YOUR INSTRUCTIONS: Return, exactly as written, every line from the first line of the data below through the line that contains "Varun Dhawan at".

RECORDS SHOWN START

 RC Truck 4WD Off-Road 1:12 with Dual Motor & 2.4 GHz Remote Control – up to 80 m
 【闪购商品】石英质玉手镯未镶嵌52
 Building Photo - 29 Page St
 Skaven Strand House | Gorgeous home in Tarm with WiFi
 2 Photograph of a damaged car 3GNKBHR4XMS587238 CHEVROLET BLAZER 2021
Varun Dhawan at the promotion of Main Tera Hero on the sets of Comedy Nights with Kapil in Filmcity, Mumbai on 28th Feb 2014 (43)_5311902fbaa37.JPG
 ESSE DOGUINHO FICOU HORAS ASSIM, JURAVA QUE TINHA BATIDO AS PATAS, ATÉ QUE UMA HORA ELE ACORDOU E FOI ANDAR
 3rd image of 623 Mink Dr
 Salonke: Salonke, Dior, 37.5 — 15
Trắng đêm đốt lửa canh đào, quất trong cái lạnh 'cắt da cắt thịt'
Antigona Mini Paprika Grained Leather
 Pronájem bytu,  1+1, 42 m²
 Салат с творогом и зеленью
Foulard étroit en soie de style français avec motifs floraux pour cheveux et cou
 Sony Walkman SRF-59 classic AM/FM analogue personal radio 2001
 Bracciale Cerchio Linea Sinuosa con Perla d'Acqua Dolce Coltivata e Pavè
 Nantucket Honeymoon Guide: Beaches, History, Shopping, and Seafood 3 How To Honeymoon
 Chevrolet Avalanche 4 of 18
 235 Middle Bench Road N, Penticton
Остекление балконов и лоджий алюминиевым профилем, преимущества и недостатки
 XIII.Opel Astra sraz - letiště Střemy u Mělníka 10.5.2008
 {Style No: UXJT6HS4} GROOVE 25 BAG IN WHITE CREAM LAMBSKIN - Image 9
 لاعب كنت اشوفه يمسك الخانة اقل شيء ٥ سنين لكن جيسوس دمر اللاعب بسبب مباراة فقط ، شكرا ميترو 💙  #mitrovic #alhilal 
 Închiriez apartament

RECORDS SHOWN END

RESULT OF THIS EXERCISE:
 RC Truck 4WD Off-Road 1:12 with Dual Motor & 2.4 GHz Remote Control – up to 80 m
 【闪购商品】石英质玉手镯未镶嵌52
 Building Photo - 29 Page St
 Skaven Strand House | Gorgeous home in Tarm with WiFi
 2 Photograph of a damaged car 3GNKBHR4XMS587238 CHEVROLET BLAZER 2021
Varun Dhawan at the promotion of Main Tera Hero on the sets of Comedy Nights with Kapil in Filmcity, Mumbai on 28th Feb 2014 (43)_5311902fbaa37.JPG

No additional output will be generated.